I really don't think that in myself I have anymore faith than anyone else. So strength of effort I would not be concerned about.
So, despite the fact that we both called out to Christ with equal amount of faith, I didn't experience this richness. The prophecy is therefore unfulfilled, right?
I know personally of thousands of people who would confirm the positive results of calling on the Lord Jesus. If you like to get in touch with them personally to confirm, I would be will to provide 10 or 20 email addresses.
I do not doubt that some people experience what they would affirm as 'positive experiences' from this act. Some does not equal 'all'. So the prophecy stands unfulfilled.
Some may argue that calling to another deity was also done. I don't doubt that. I have heard people sing Hari Krishna. You can talk to them about thier experience. Whatever it is it doesn't mean that the Lord Jesus is not rich to all who call upon Him.
Indeed - but the fact that the Lord Jesus is not rich to me when I call upon him would does mean that the Lord Jesus is not rich to all who call upon him.
I find that thinking and reasoning about calling to the Lord Jesus is vastly inferior to actually calling to the Lord Jesus.
Indeed. But the point remains that knowing somebody personally doesn't mean you know them perfectly. The point being that just because you experienced something as rich, doesn't mean that it is rich.
While you reason about it, I rather spend the time to enjoy Him. If I find out at the end of my life that I was deceived, I have lost nothing.
Or maybe you have lost something. The only way to know is to live a whole life without calling out to Jesus but instead calling out to Lord Krishna and then comparing the two experiences.
I have not experienced this for everyone. That is true. I believe that word of God when it says that He is rich to all who call upon Him.
No, you believe the word of man that the word of god is that he is rich to all that call upon him.
Are you going to give up this prophecy as useless, now? It doesn't predict anything since you will believe that it is true, even if other evidence suggests strongly that it isn't. You'll have to consider me a liar, delusional or terribly mistaken or something in order to reach that conclusion.
Ignoring or explaining away all of the misses, accepting without scepticism all of the hits. The confidence trick of prophecy.
I was talking about the passage which says that the Lord is rich to all who call upon Him. I believe firmly that I have experienced that.
Yet you have admitted that you haven't. You have only experienced that the Lord is rich to jaywill and x number of other people (based on their testimony). You have also experienced that calling upon the Lord is not rich to other people (based on their testimony).
So - are you willing to concede this prophecy is either unfalsifiable and thus useless to confirm fulfilment, or has in fact been shown to be falsified?
I have seen a few unbelievers argue and argue. But when it comes down to asking them to try calling on the name of the Lord Jesus in a prayerful way, they stop arguing. It seems that their hands get sweaty. They seem to approach an event horizon. Somehow, instinctively they realize that to call on the name of Jesus will result in something serious.
I've done it. I've called upon Allah in the name of Mohammed. I don't get the effects postulated. Sorry to break it to you, but your prophecy has failed. You won't accept this, you can't accept this. You have to go on ignoring and explaining away the misses and only focussing on the hits (yourself and your belief that others have experienced 'hits').
Confirmation bias.
I have NEVER seen people reserve such caution towards any other name in history. When they come right up to it, they seem to sense deep within that to call Lord Jesus, Lord Jesus might just possibly result in a real change in their life.
Why is that? Have to go now.
It isn't so. You just believe it is, so you ignore all the times it was not true, and only remember or focus upon the times you think it was true - you probably also tried to 'read into' the motivations and intents of other people as you did with me earlier, and humans are notoriously good at seeing what they expect to see rather than what is.
I am happy to post video footage of me calling out to a variety of deities and prophets but I suspect it will not convince you anyway.

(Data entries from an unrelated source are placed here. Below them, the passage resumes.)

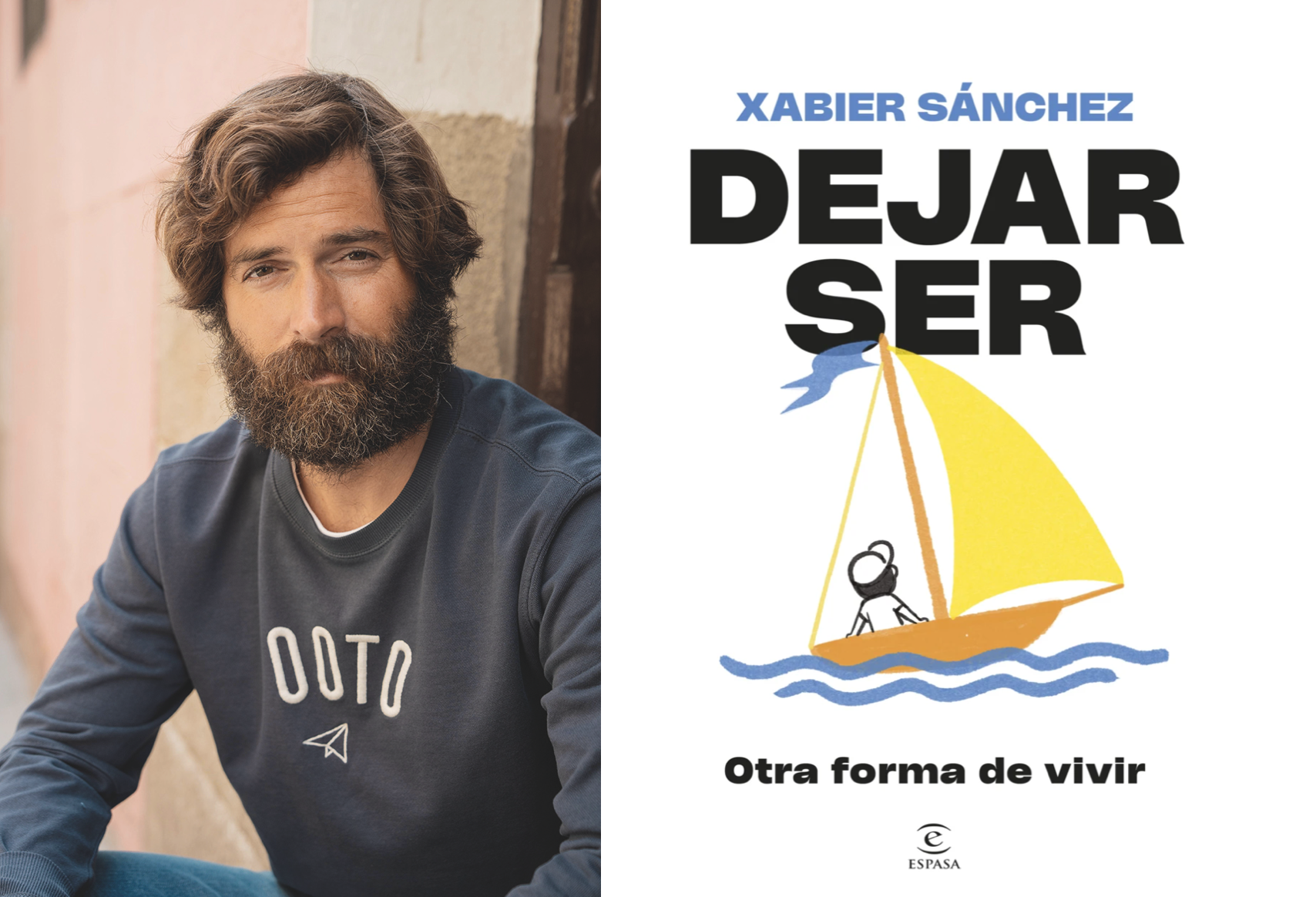 Xabier Sánchez, junto a la portada de su libro, 'Dejar ser. Otra forma de vivir'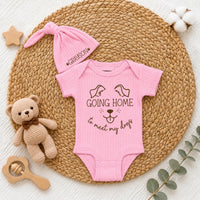 Custom Going Home to Meet My Dogs Baby Bodysuit and Hat Set, Neutral Beige Outfit for Newborns, Soft Cotton Baby Shower Gift, Personalized Name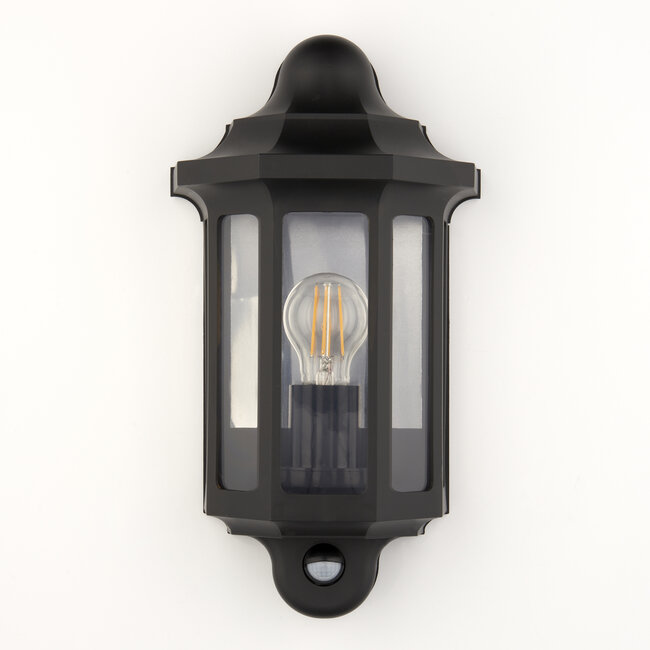 LAP half lantern wall light Black with PIR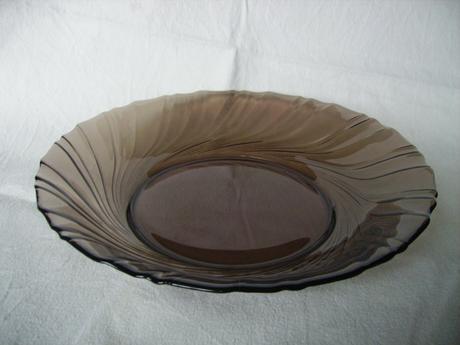 Veľká misa / tanier z dymového skla, 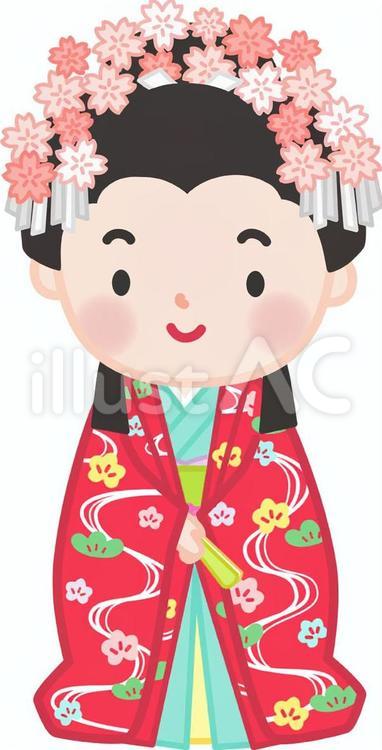 江戸時代：お姫様 お姫様,姫,花飾りのイラスト素材
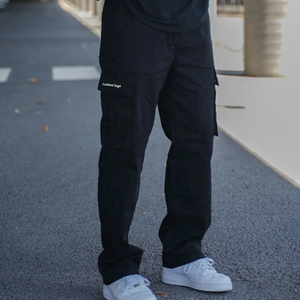 <span class=keywords><strong>Pantaloni</strong></span> Cargo <span class=keywords><strong>Neri</strong></span> Unisex <span class=keywords><strong>con</strong></span> Coulisse, Stile Streetwear, Vestibilità Ampia, Bottoni <span class=keywords><strong>Laterali</strong></span>, 6 <span class=keywords><strong>Tasche</strong></span>, Modello Baggy - Product Image 2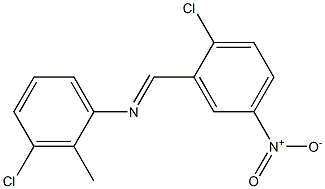 N-(3-chloro-2-methylphenyl)-N-[(E)-(2-chloro-5-nitrophenyl)methylidene]amine 구조식 이미지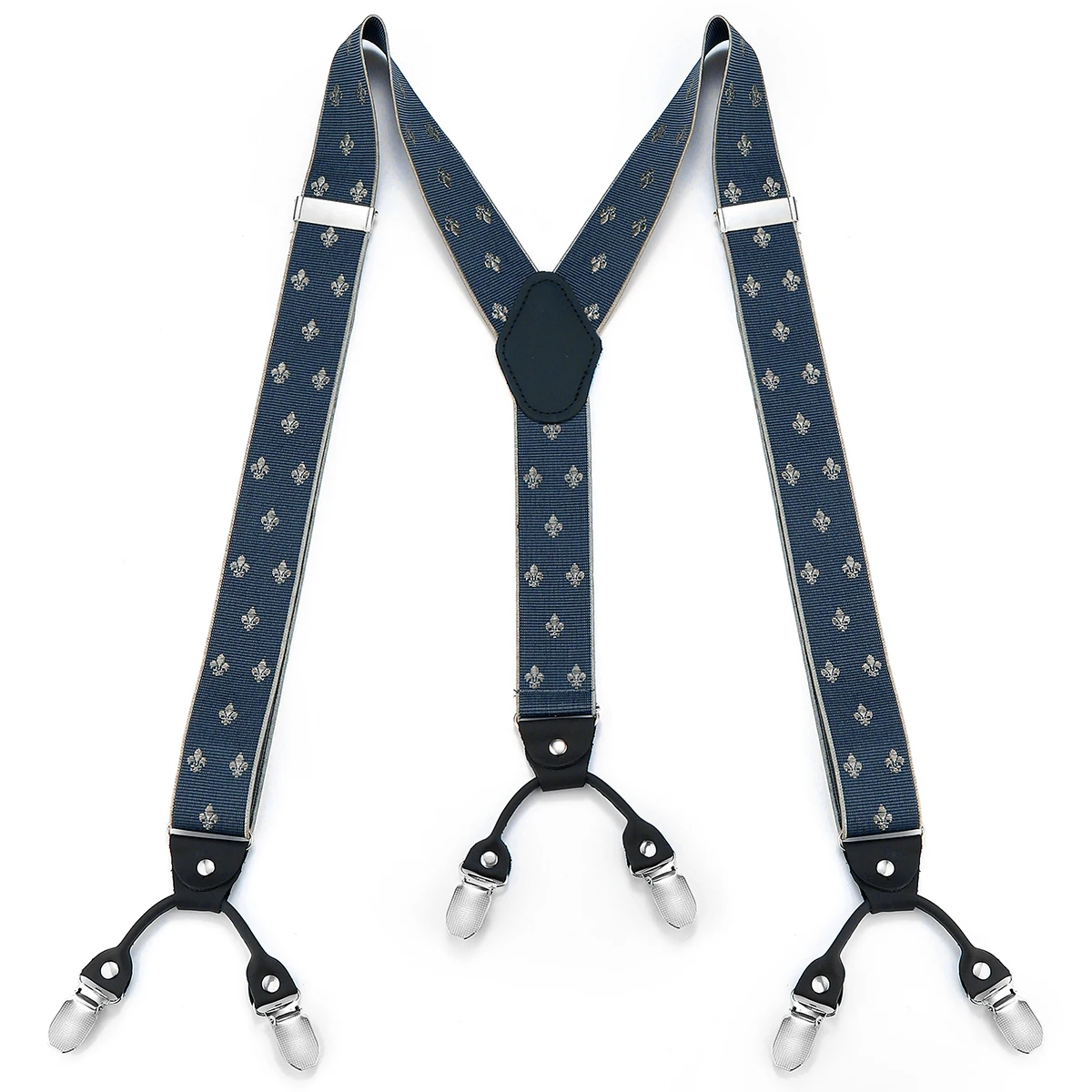 Серый жаккардовый стиль в британском стиле ретро, мужской костюмный костюм с шестью зажимами, аксессуар для брюк, нескользящие подтяжки.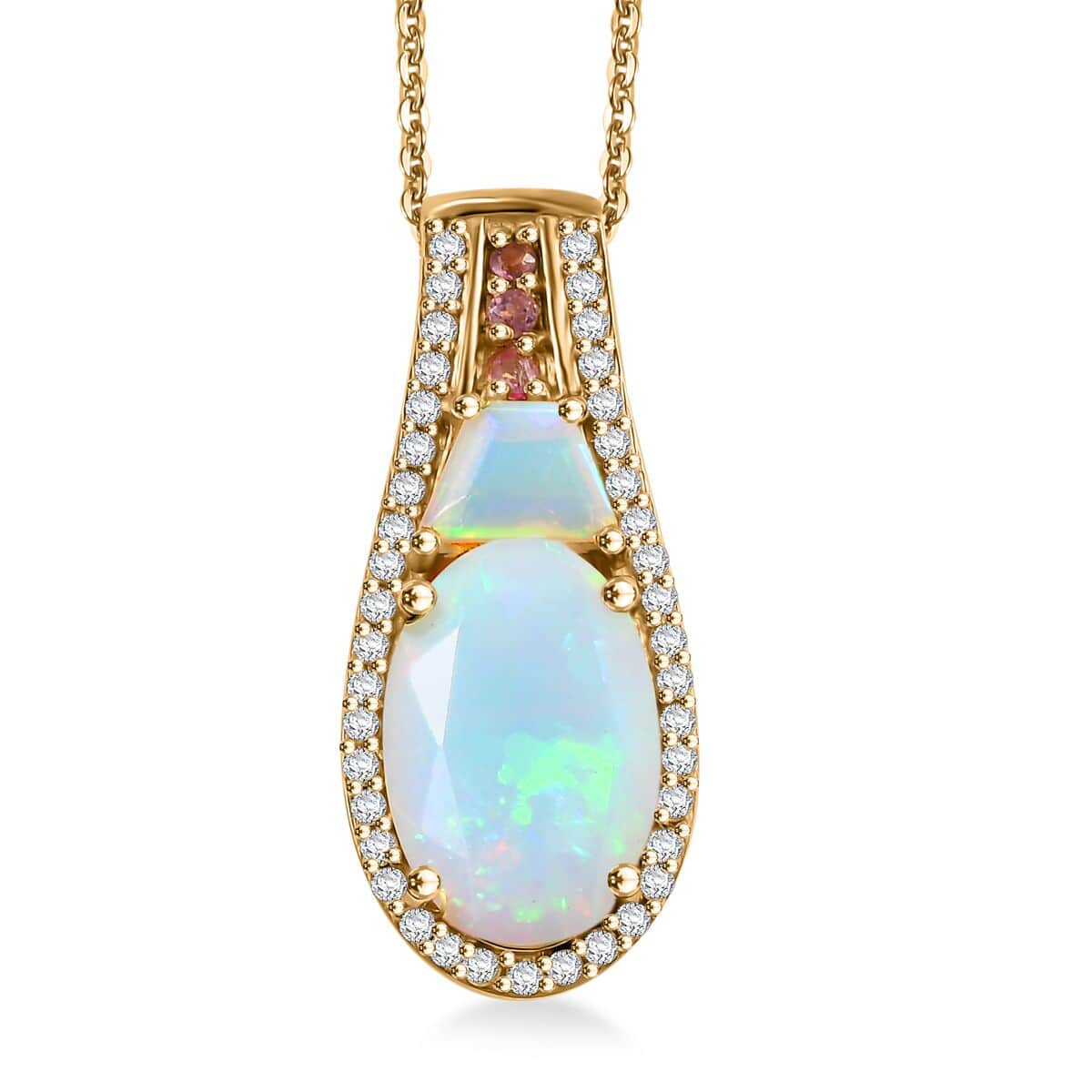 Premium Ethiopian Welo Opal and Multi Gemstone 3.00 ctw Ethereal Radiance Pendant Necklace in 18K Vermeil Yellow Gold Over Sterling Silver 20 Inches image number 0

This message is a reply to:
 Message 175 by jaywill, posted 05-07-2009 12:41 PM jaywill has not replied

Replies to this message:
 Message 178 by Perdition, posted 05-07-2009 1:32 PM Modulous has seen this message but not replied

Modulous
Member
Posts: 7801
From: Manchester, UK
Joined: 05-01-2005


Message 188 of 327 (507808)
05-08-2009 8:32 AM
Reply to: Message 184 by Cedre
05-08-2009 4:16 AM


Re: The confidence trick of prophecy
Maybe you got lazy along the way; this may have been a result of you basing your relationship on something else other than faith. Only those who endure to the end will be saved the bible assures us.
So, the prophecy is true, one should feel rich, and the reason I didn't is because I didn't try hard enough, was too lazy, didn't believe hard enough and so on.
1. You didn't try.
2. You didn't do it right.
3. You didn't believe hard enough.
4. Your subconscious scepticism interefered with God's desire to help.
These are valid points that could account for why your experience wasn’t so successful. If you doubt me don’t apply anyone of them in your human relationships and you will witness how in a short time they all bite the dust.
You have avoided the points I was raising in an attempt to proseltyse at me. Do you accept that the prophecy jaywill raised is unfalsifiable? That if it doesn't seem to come true in certain cases there exists a handy list of excuses that believers can pull out of their asses - all of the excuses are handily impossible to verify.
It kind of sounds like The Emperor is naked to me. It sounds like the excuses psychics, telekinetics, mediums, voodou practitioners come up with all of the time.
So, whether or not what you are saying about the relationship with Yahweh is true (and my personal experience would imply that is actually false)...it is entirely ridiculous to tout it as a fulfilled prophecy if you are only going to count the hits and explain away the misses.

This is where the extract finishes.